「不要な農地をどうにか処分したい。」そんな相談をたまに受けますが、なかなか難しい問題ですね。
農地の処分(所有権移転)というと、司法書士の場合、真っ先に農業委員会の許可の必要性について思いつきます。
勿論それも重要な手続きで、その許可の存在が農地の処分を難しくしているのですが、実際に相談を聞いていると、「高齢になって農業を続けられない。」「このまま農地を持っていても後継者がいない。

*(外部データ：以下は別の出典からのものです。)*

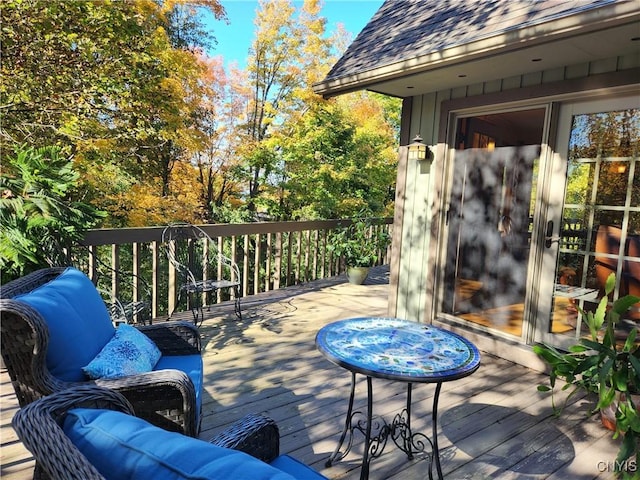 1666 Buffs Blf, Skaneateles, NY 13152 - view of wooden deck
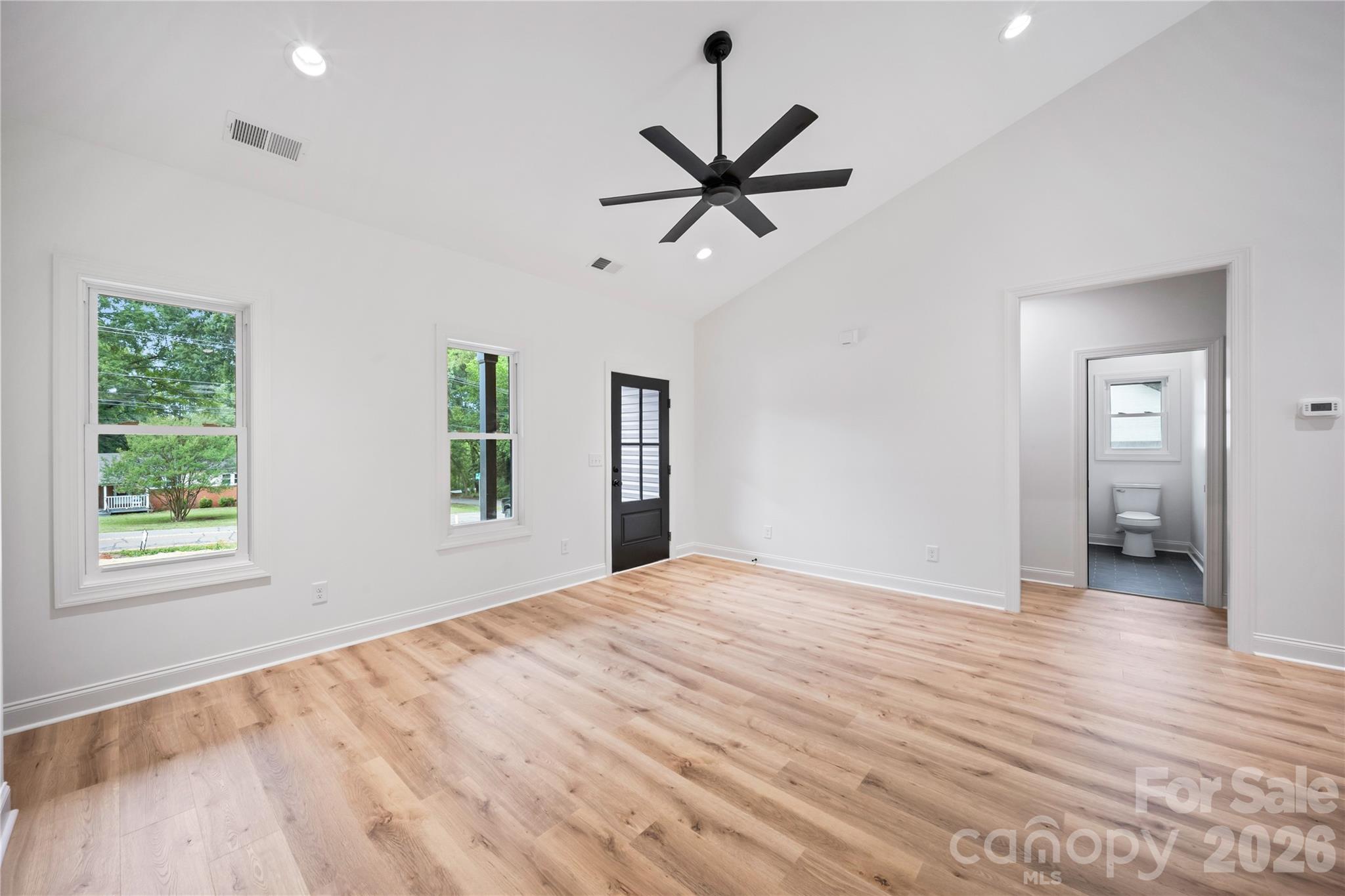 3301 Eva Drive Property Photo 15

」など、農地を処分しようという動機の部分に、すごく現代的な問題を感じることがあり、こちらの方がより深刻な問題のような気がします。
田舎の広大な農地は、価格こそ安いですが、それでも譲受希望者は簡単には見つかりません。
仮に、このままの状態で相続が発生すると、相続登記自体は農業委員会の許可が不要だとしても、相続人世代が当該土地の処分に悩むという繰り返しになってしまいます。
さらに、相続が発生して遺産分割協議をすると、相続人は皆、当該土地自体は不要だけど売却したお金は欲しい、などと言い出す状況も想像に難くありません。
相続放棄はできますが、土地の所有権の放棄はできない現状、何か良い方策がないか事案ごとに色々悩まされるところです。